The biggest news this week (and will likely trump any sort of news for the next couple of weeks in the Microsoft space) is that Azure has a vulnerability dubbed “ChaosDB” that exposed its customers keys to the world, leaving every single CosmosDB customer’s database data exposed for the taking. There’s a technical deep-dive into this vulnerability as well. I hope the Azure team is wearing their brown pants.
This is as bad as it gets. Good news though! They gave out a bounty of $40,000 to the finder of this vulnerability. Which values this vulnerability as akin to a Tesla Model 3 — and not even a fully decked out one.
⭕ Apply rounded corners in desktop apps for Windows 11. In some cases, rounded corners will be applied to your applications automatically, in others, here’s what you can do to make them rounded.

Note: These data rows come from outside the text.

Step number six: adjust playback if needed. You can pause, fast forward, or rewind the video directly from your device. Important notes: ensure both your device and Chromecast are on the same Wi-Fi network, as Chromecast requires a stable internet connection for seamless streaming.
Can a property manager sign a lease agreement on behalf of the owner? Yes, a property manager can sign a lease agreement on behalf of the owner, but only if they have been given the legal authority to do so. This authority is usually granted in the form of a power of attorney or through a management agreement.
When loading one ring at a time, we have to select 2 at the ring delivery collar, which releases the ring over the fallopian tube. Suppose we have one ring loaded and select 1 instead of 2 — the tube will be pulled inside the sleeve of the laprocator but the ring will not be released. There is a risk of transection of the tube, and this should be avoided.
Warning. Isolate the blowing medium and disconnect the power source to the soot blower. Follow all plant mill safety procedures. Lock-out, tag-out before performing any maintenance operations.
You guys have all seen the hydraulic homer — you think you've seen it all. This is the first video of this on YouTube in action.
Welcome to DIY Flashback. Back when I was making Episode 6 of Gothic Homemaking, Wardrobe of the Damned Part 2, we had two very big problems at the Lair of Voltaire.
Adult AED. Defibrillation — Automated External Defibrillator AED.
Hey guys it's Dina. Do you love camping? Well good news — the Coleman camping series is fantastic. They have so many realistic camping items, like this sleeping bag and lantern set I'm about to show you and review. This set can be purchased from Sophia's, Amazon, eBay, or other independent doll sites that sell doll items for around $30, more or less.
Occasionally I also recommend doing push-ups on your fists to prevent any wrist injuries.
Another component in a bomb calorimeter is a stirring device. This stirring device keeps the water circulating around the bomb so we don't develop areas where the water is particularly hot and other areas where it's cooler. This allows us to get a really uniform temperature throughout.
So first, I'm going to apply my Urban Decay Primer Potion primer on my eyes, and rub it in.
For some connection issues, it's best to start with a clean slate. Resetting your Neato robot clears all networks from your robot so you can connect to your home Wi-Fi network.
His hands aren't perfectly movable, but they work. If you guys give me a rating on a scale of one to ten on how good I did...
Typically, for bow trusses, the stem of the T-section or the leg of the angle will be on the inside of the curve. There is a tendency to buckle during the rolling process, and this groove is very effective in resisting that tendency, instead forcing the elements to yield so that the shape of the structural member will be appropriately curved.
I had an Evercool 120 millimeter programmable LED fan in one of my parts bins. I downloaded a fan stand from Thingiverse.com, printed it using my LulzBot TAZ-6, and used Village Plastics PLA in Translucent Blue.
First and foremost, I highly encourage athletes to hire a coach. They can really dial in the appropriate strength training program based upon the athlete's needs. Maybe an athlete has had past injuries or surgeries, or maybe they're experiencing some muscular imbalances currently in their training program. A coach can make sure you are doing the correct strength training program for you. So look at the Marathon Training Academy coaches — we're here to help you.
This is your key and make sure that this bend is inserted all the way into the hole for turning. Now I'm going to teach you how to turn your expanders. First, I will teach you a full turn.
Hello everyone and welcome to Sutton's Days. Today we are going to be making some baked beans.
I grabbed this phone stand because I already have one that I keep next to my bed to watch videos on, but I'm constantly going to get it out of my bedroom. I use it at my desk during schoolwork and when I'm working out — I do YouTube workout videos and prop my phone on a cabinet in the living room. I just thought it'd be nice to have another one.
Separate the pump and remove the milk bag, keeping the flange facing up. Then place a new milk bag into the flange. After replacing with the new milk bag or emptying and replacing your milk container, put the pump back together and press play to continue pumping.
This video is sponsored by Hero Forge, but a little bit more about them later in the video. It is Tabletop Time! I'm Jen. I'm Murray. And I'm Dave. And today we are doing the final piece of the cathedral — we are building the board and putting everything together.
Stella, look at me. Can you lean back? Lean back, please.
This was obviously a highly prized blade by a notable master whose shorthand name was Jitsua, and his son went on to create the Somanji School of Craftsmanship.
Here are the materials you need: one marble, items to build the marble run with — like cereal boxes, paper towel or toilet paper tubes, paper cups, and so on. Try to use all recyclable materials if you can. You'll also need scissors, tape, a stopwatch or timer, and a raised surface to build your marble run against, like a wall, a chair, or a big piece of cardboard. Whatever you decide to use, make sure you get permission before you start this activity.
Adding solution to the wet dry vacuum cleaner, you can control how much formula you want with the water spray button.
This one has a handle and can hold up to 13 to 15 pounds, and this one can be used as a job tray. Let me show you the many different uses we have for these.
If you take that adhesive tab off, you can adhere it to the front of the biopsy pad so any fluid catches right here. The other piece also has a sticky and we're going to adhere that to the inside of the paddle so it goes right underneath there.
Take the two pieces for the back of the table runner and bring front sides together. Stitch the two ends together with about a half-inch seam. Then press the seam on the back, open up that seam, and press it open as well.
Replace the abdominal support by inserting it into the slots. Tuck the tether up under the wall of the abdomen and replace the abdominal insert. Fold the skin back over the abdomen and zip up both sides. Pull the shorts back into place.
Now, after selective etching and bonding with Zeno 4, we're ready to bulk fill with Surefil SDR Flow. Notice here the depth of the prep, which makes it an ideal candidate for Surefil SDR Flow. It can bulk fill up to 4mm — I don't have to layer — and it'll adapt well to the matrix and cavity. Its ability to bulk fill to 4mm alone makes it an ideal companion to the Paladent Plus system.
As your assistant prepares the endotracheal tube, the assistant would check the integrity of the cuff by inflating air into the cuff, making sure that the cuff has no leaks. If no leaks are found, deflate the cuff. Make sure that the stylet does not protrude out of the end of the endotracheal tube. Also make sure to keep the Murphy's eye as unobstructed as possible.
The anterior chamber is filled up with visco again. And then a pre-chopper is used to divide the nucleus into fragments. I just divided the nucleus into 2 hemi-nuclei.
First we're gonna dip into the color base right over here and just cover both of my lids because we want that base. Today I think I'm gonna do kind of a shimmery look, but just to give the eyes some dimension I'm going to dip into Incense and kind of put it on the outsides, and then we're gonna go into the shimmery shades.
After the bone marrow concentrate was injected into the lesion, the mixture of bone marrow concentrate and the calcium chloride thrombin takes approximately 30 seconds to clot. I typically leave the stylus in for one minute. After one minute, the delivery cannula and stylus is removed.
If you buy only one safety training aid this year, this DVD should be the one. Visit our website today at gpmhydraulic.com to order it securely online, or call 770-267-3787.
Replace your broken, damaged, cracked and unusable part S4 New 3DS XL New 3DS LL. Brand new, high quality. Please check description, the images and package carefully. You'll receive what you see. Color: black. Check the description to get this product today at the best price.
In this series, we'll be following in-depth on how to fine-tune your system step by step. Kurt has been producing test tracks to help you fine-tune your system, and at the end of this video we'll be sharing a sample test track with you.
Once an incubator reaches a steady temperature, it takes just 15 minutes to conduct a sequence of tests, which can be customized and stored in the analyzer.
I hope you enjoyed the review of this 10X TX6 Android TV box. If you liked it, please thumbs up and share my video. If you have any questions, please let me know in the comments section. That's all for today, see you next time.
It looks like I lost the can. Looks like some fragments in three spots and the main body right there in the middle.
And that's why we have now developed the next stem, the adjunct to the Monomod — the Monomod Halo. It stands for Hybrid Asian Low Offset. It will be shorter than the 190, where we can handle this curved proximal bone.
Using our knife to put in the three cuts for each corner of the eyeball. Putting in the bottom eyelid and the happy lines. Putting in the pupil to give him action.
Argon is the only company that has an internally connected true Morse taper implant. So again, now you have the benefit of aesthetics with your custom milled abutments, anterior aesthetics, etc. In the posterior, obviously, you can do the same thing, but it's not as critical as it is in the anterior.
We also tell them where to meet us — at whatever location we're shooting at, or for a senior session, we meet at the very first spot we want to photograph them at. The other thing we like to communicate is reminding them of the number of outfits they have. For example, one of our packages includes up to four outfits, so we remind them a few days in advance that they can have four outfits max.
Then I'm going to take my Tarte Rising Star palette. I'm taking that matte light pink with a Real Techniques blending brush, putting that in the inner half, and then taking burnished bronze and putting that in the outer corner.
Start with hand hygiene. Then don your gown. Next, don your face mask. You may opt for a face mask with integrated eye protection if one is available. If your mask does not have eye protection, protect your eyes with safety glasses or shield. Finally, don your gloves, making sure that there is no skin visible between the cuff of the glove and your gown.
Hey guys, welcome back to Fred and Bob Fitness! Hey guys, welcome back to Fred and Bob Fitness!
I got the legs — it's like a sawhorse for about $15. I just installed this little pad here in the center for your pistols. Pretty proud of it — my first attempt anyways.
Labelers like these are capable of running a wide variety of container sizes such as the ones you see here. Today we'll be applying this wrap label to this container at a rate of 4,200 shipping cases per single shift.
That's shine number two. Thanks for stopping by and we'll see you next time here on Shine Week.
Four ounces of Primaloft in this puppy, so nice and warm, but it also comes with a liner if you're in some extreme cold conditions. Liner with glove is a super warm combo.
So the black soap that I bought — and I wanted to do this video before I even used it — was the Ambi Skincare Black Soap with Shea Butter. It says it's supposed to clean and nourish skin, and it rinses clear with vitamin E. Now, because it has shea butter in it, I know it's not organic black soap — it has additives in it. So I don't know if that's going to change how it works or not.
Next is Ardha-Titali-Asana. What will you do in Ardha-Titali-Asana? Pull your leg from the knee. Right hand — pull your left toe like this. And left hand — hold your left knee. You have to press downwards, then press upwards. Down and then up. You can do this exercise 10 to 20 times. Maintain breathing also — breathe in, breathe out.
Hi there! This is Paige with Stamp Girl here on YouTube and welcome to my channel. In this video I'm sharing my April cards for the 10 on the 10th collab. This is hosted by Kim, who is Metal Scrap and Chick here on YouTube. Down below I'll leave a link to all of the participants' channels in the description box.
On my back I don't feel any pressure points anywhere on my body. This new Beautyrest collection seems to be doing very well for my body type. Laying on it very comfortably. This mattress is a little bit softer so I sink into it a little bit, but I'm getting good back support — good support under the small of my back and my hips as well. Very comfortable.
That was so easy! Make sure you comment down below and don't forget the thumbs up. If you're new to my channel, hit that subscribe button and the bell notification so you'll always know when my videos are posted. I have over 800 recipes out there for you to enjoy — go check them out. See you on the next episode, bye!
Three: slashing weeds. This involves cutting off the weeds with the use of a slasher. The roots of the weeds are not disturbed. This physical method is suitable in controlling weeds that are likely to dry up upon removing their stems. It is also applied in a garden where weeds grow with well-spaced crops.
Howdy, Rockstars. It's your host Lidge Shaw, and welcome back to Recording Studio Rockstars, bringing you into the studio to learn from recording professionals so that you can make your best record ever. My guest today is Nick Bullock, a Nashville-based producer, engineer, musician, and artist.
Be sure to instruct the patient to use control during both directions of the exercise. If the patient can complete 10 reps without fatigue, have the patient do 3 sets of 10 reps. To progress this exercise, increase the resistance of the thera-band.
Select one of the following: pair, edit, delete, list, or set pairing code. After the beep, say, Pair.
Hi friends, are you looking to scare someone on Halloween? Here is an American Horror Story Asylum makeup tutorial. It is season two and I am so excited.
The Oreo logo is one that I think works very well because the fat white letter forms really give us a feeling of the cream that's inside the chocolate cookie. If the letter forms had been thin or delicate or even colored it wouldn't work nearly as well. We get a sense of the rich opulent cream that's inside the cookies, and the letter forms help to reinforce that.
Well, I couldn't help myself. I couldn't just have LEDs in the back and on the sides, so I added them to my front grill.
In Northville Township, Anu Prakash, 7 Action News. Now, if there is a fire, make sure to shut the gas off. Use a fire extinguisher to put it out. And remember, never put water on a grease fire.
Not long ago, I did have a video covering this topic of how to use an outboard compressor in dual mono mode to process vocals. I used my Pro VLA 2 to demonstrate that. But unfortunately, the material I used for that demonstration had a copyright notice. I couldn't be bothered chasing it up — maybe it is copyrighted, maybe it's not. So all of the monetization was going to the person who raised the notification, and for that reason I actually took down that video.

As Apple intended.
🐛 Razer Bug lets you become a Windows 10 admin by plugging in a mouse. This is a pretty easy exploit to… well.. exploit, so if you’re using Razer mouses in a corporate context, you may want to rethink that decision.
🤷♂️ The real names of features in Visual Studio. It’s a bit inside baseball, but still a wonderful walkthrough.
👨👩👧👧 David Fowler writes to tell us that New .NET 6 APIS [are] driven by the developer community. In this blog post, David details new APIs available in .NET 6, and highlights the fact that well, they were authored by members of the community. I’m a fan of
Parallel.ForEachAsync, as that seems rather useful for my needs.
🏃♀️ This is your warning: Get out of the Dev Channel for Windows 11 unless you want to experience some turbelance. If you want stability, use the beta channel or get out of the insider program entirely. If you want to see new builds of Windows 11 that may have the stability of Windows Vista, stay in the Dev channel.
🙌 Nicole Miller-Abuhakmeh is the new Community Manager for the .NET Foundation. This is a wonderful choice for CM, congrats Nicole and the .NET foundation.
🙀 Looks like there’s another tactic available to exploit Proxyshell vulnerabilities. A few weeks ago, a researcher showed off an exploit of Microsoft Exchange Server dubbed ‘ProxyShell’ and it seems like the gift that keeps on giving to attackers. Bottom line: keep your Exchange servers up to date.
🎲 In .NET 6, FirstOrDefault(), LastOrDefault() and SingleOrDefault() now let’s you specify a default value. Sadly it has to be a compile-time constant so you can’t have something like new Random().Next() available.
🗓 Microsoft Ignite is November 2-4, 2021 and is virtual again this year because people can’t bother to vaccinate.
✈ Github’s Copilot can get you in trouble 40% of the time and if you’re the type to use AI to write code, maybe you deserve to have problems.
🐶 Using SignalR in your Blazor applications This is an nice pairing of technologies. Like Chardonnay and Brie, or Hotdog and Chili. Ketchup is forbidden, Mustard is recommended, however.
And I say this with a twing of irony, but that’s it for what happened Last Week in .NET.